• [Directions for this task]: Find the line containing "Bright yellow and", then print it and each following line through the end of the records, exactly and with nothing added; leave out any pictures.

• [Supplied data]:
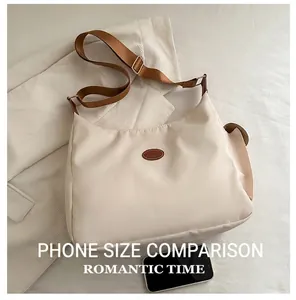 Close-up of a cream nylon tote bag with leather patch and brown adjustable shoulder strap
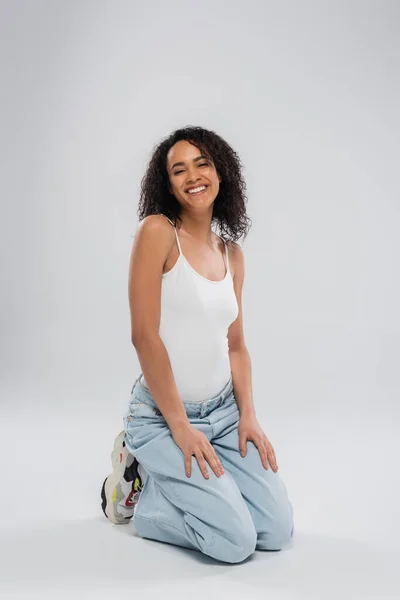 Full length of pretty african american woman in jeans and white tank top sitting on haunches on grey background — Stock Photo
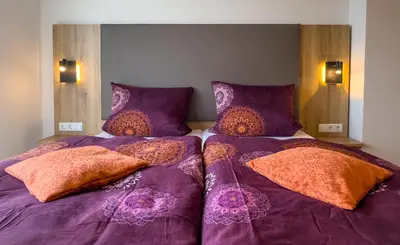 Ein Bett oder Betten in einem Zimmer der Unterkunft Hotel Restaurant Traube Kallstadt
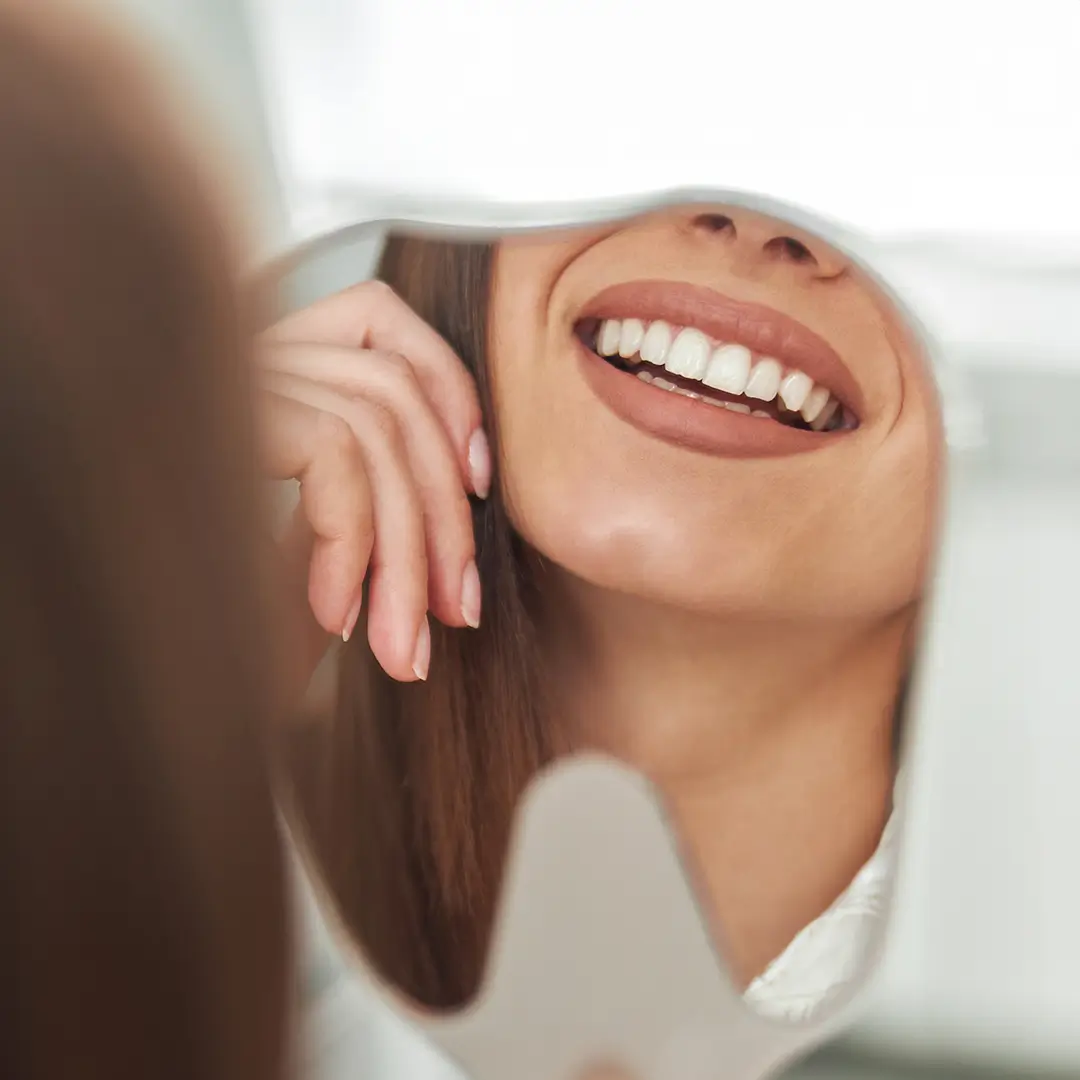 An Image Of A Face Of A Woman Looking At The Mirror, Where Only  Her Teeth Are Showcased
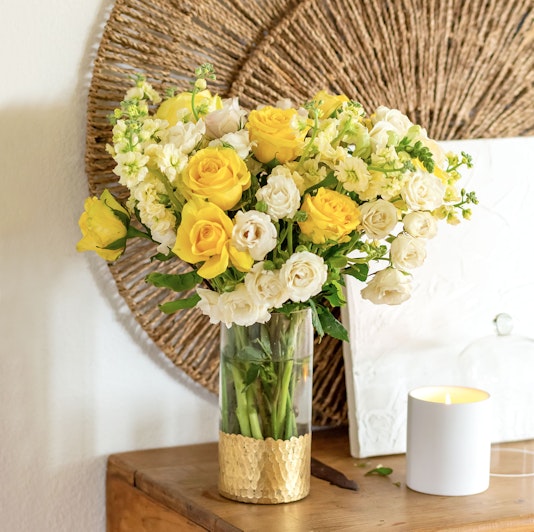 Bright yellow and white roses beautifully arranged in a glass vase, enhancing decor with elegance.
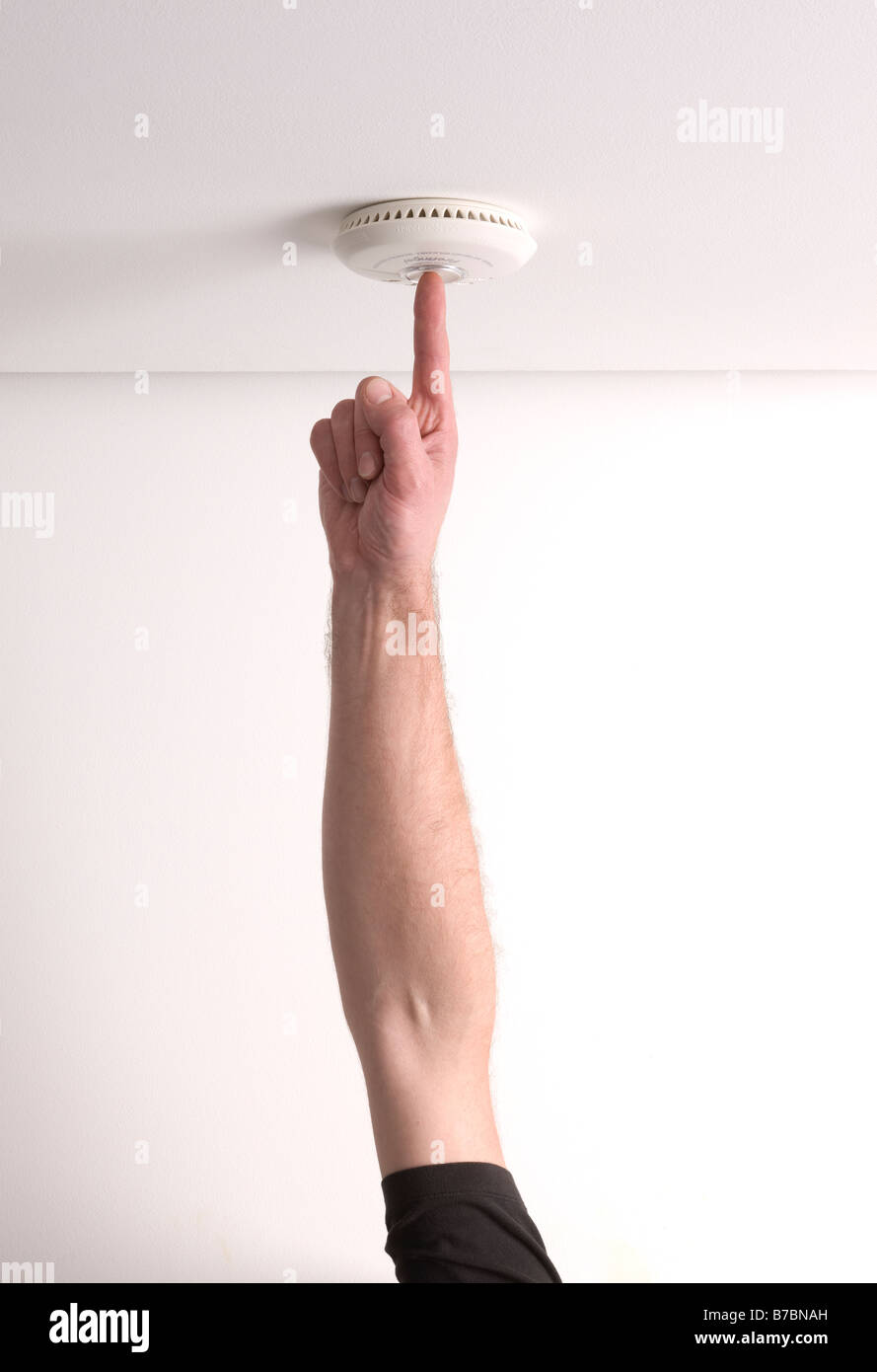 Man testing a domestic fire alarm is working correctly Stock Photo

• [Output of the exercise]:
 Bright yellow and white roses beautifully arranged in a glass vase, enhancing decor with elegance.
 Man testing a domestic fire alarm is working correctly Stock Photo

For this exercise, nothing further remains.